Extrait du chapitre « Brève introduction aux études eskimo »


     Ma vie, c’est ce grand fleuve écumeux, aussi nu que l’enfer, et dix fois plus froid. Mes pensées sont des péniches. Les péniches de la compagnie de la Blanche Inspiration, qui passent ici en remontant le fleuve depuis Rouen et plus loin à l’ouest. Debout sur les ponts je prends des poses style Résolution et Indépendance regardant passer ma vie.
     Ainsi je me transporte dans un nouvel hiver. Avec moi c’est toujours l’hiver : hiver à sa fin, hiver débutant, hiver à mi-course, mais toujours l’hiver.
     Ils essayent tous de me faire croire qu’on est au printemps. Mais ils ne m’auront pas.

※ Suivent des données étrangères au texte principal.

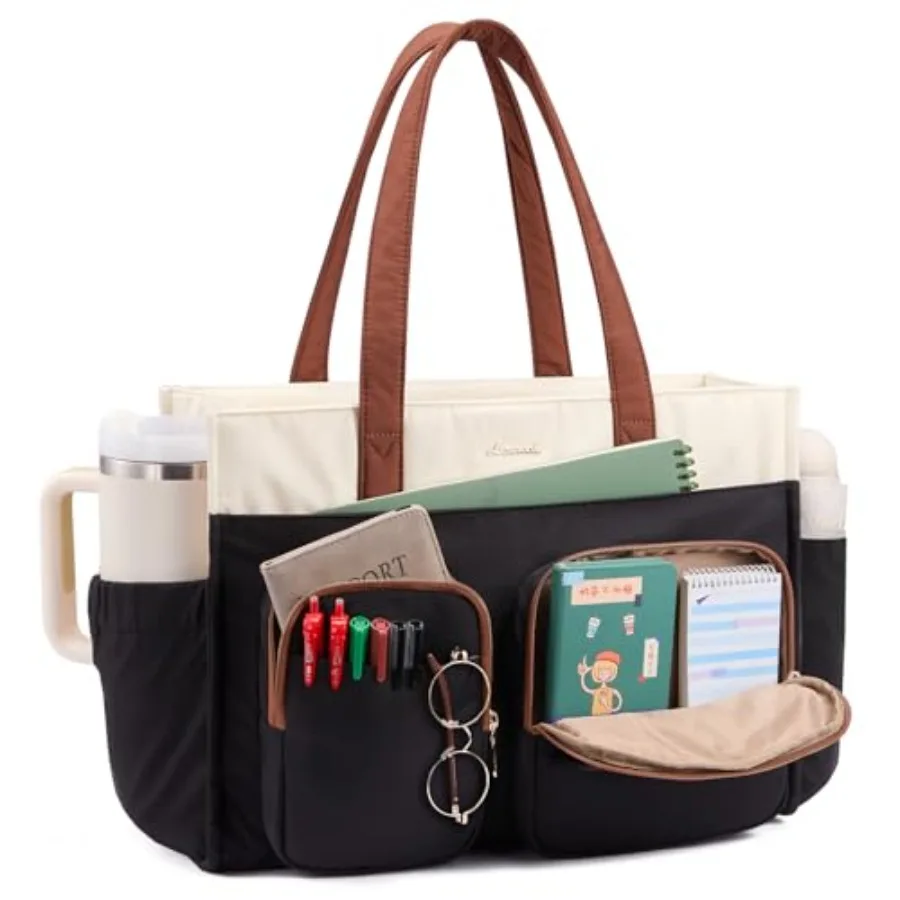 LOVEVOOK Teacher Tote Bag for Women, Multi-pocket Laptop Bag with Large Cup Holder, Nurse Bags Work Travel Computer Handbag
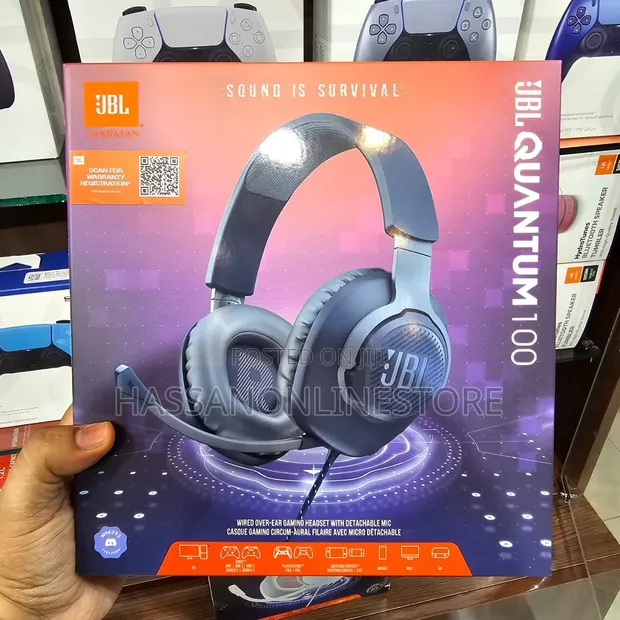 JBL Quantum 100 Wired Over-Ear Gaming Headset - 1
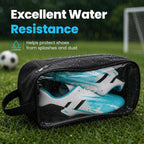 Linkidea 2 Pack Soccer Shoe Carrying Bag, Sports Cleats Storage Bag, Fit Up to US Men Size 13 Shoes, Compact Boots Duffle Bag with Water Resistant Design (Black)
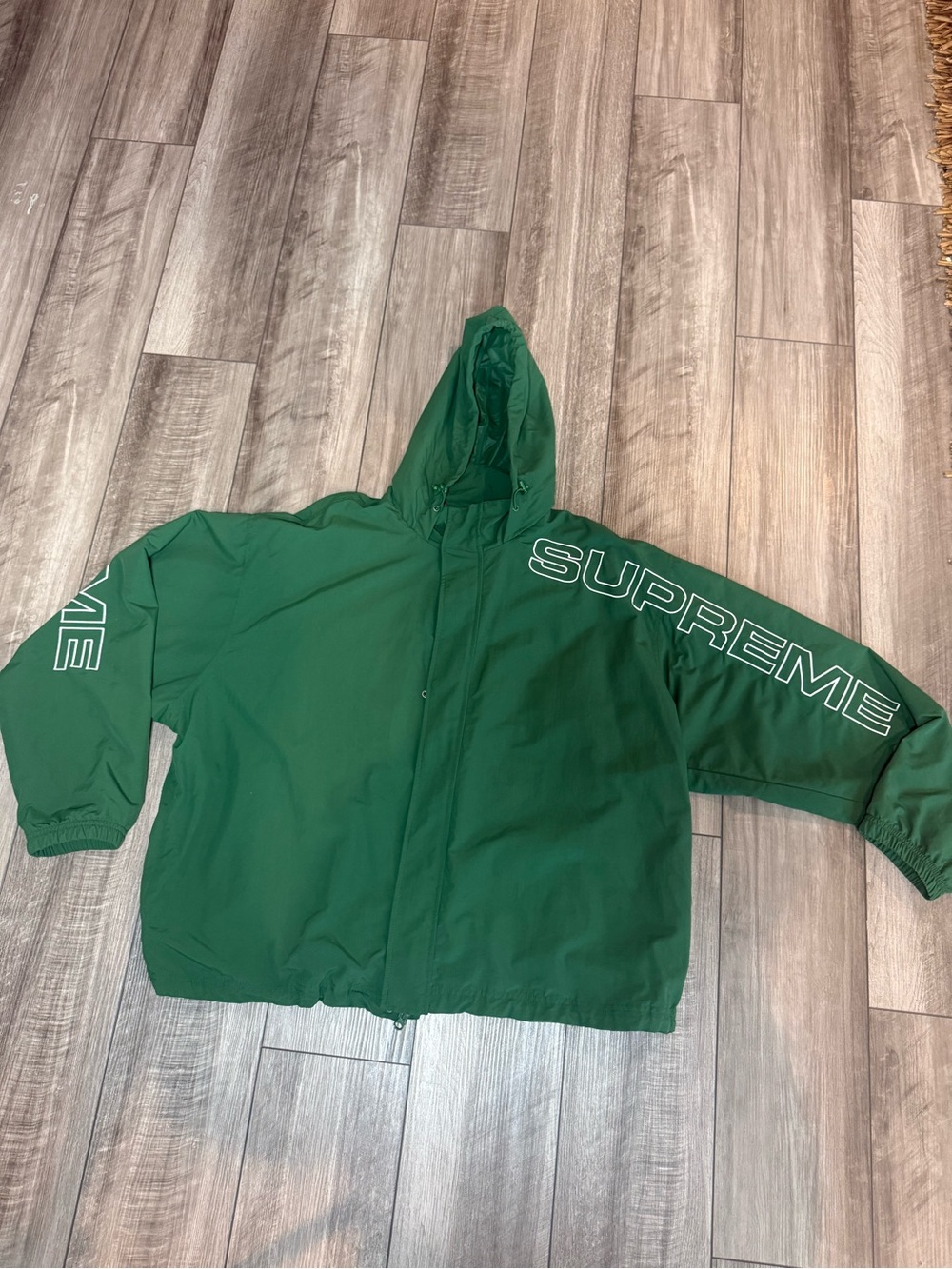 Supreme Green Hooded Raincoat with Sleeve Logo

Extrait du chapitre « Errances hyperboréennes ».

Presse
White parcourt Paris à la recherche de nourriture spirituelle, de « signes ». Refusant le monde littéraire, il s’enfonce peu à peu dans les arcanes de la contemplation, du mandala de soi. Mais il ne prétend nullement à un discours total, car l’humour surgit à chaque détour de page, le sauvant d’un dogmatisme mystique qu’il refuse tout en l’utilisant, le « récupérant ». […] White est à la fois investi par une culture hindouisante qu’il admire, et méfiant par rapport à toutes les « gouroufiades » à la mode. Lui n’est jamais parti pour Kamandou, se contentant de s’asseoir dans une chambre, d’écrire des mots sur le mur, de regarder la pluie qui tombe sur le monde. Il se démarque complètement de l’acné spiritualiste et sa démarche est plus intime, plus près du vrai gouffre aussi. Il n’y a pas de sacré, rien que du vide. Foin de la littérature et des dogmes ! Subsiste la réalité.
     Tony Cartano, Les Nouvelles littéraires

Des rêves rapportés, des fragments de poèmes, des citations d’auteurs chinois, indiens, tibétains, des extraits de sutra et d’upanishad viennent découper cette existence en une succession de moments, « antithèse de la conscience historique », qui évoquent, comme l’auteur le dit dans sa préface, le yoga. On se trouve, pourtant, fort loin de Milarepa, à qui il est fait souvent allusion dans ces pages, loin même de toute mystique dont White semble se méfier, avec son ironie à fleur de peau et cet aspect occidental de sa personne auquel il ne renonce pas. On aurait l’impression d’un jeu un peu savant, si l’auteur ne nous affirmait vouloir par ses exercices d’écriture se porter « d’une aliénation radicalement éprouvée jusqu’à… autre chose ». […] Quand il nous affirme : « À deux heures du matin, les ponts de Paris ont les yeux bleus », nous le croyons. S’il se dit esquimau, nous le croyons aussi.
     Jean Freustié, Le Nouvel Observateur

Il y a deux façons de lire ce livre marquant : avec sérieux, en en suivant chaque ligne et chaque référence à tel ou tel écrit oriental ; sans sérieux ni respect de son ordonnance en pages numérotées. C’est que Kenneth White se plaît à ne pas choisir entre le récit qui dit quelque chose et celui qui se veut simple fait artistique en tant que tel : l’écriture.
      Philippe Guilhon, Le Quotidien de Paris.